Wave I amplitudes in the HP noise condition did not grow with level for young listeners. This response saturation for wave I was observed by Eggermont and Don (1980) at low-frequency derived bands, but its origins are unclear. This saturation effect may have limited our ability to observe age-related decreases at high stimulus levels. Some neurophysiological evidence suggests that only H-SR and M-SR fibers contribute to ABR wave I, while L-SR fibers do not because of the variability of their first-spike latency (Bourien et al., 2014). Thus, a possible explanation for the fact that wave I responses did not grow with level for young listeners is that the 80 dB ppeSPL stimulus was sufficiently intense to saturate H-SR and M-SR fibers generating the response. However, the hypothesis that the same population of saturated fibers was responding to the low and high level stimuli does not fit with the observed greater age-related wave I reduction at the low stimulus level. Given that age-related wave I reductions were greater at the low stimulus level, either the population of fibers generating the response was different (e.g. fibers with different spontaneous rates, or fibers responding to different cochlear places), or the response of the same population of fibers was modulated by level.
The reason for the greater age-related reduction of wave I at low than at high stimulus levels in HP noise is unclear. A selective age-related deficit of H-SR fibers seems contrary to the neurophysiological evidence of greater susceptibility of L/M-SR fibers to CS documented by neurophysiological studies in non-human animals, and thus unlikely, although it cannot be excluded. Although a selective age-related deficit of H-SR fibers would predict greater age-related wave I reductions at low than at high stimulus levels, it would predict some age-related wave I reductions at high stimulus levels. Our results do not provide supporting evidence for such reductions at high stimulus levels, but they are not inconsistent with them because the CIs are compatible with the presence of age-related reductions at high stimulus levels of up to ~ 10% per age decade.
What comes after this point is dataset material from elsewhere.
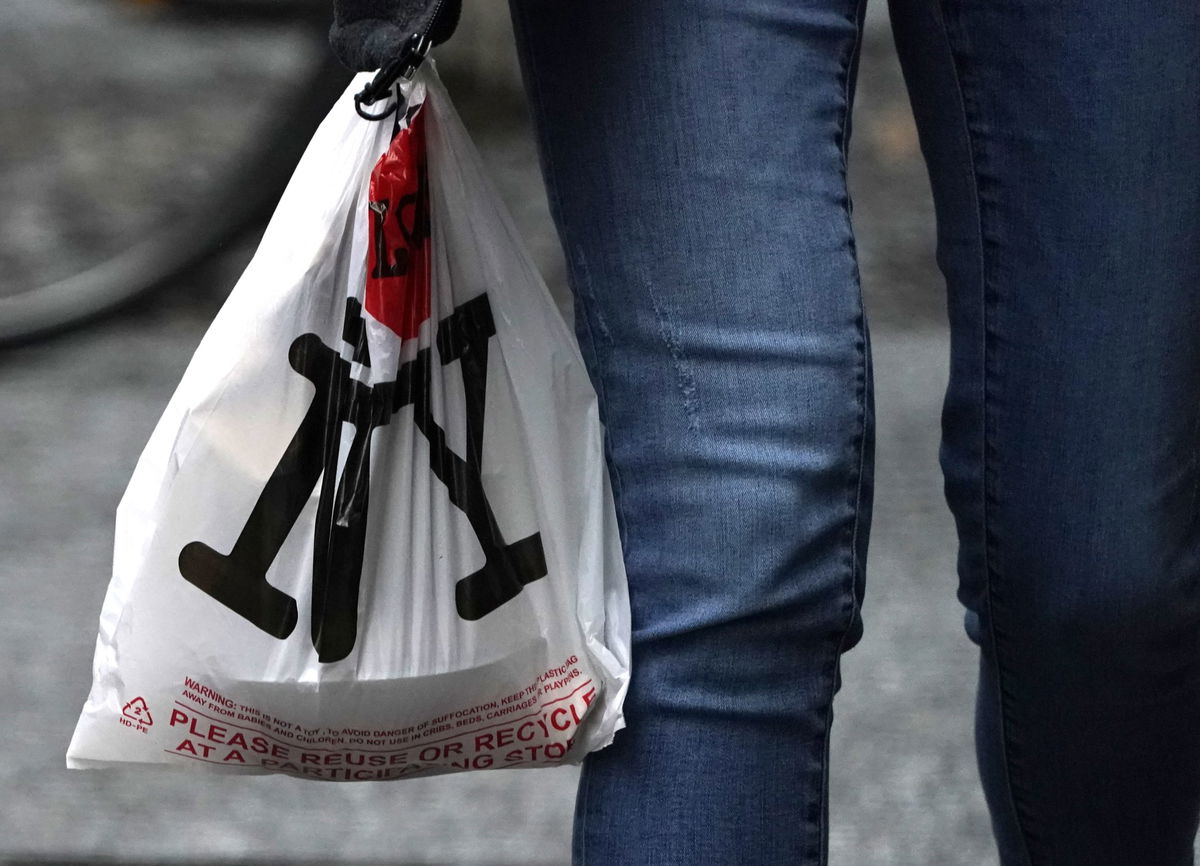 A person with their lunch in a plastic bags walks in midtown in New York on February 28, 2020, ahead of the statewide ban on plastic bags that takes effect March 1. - Consumerist mecca New York targets its throwaway culture this weekend with a ban on single-use plastic bags that has been years in the making and is still rare in America. New Yorkers like to see themselves at the forefront of efforts to save the environment but have become used to receiving groceries in free poly bags often doubled for solidity. On Sunday, that will change when New York becomes only the third US state to outlaw the non-biodegradable carriers blamed for choking rivers, littering neighborhoods and suffocating wildlife. (Photo by TIMOTHY A. CLARY / AFP) (Photo by TIMOTHY A. CLARY/AFP via Getty Images)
An alternative explanation for the greater age-related wave I reduction at low than high stimulus levels is that the responses at the two levels were partly originating from different cochlear places within the low-frequency band where the response was restricted. Eggermont and Don (1980) found that the relative contribution that different 1-octave frequency bands make to the unmasked wave I response is level dependent. At high levels the contributions of high-frequency bands become larger than those of low-frequency bands. This effect is more obvious when comparing a 0.5-kHz to a 4-kHz (or higher) band, but smaller level-dependent effects are already apparent when comparing an 0.5-kHz to a 2-kHz band. Hence, given that the click used in the current study spanned a relatively wide region (bandpass cutoffs: 0.35–3 kHz), it is possible that the age effect found at the low level reflects greater sensorineural deficits at more apical cochlear sites. However, it is not clear why sensorineural deficits would be greater at more apical sites. Future studies using the subtraction technique of responses high-pass masked at different cutoffs to isolate responses within more restricted regions (Don and Eggermont, 1978) could shed light on this issue.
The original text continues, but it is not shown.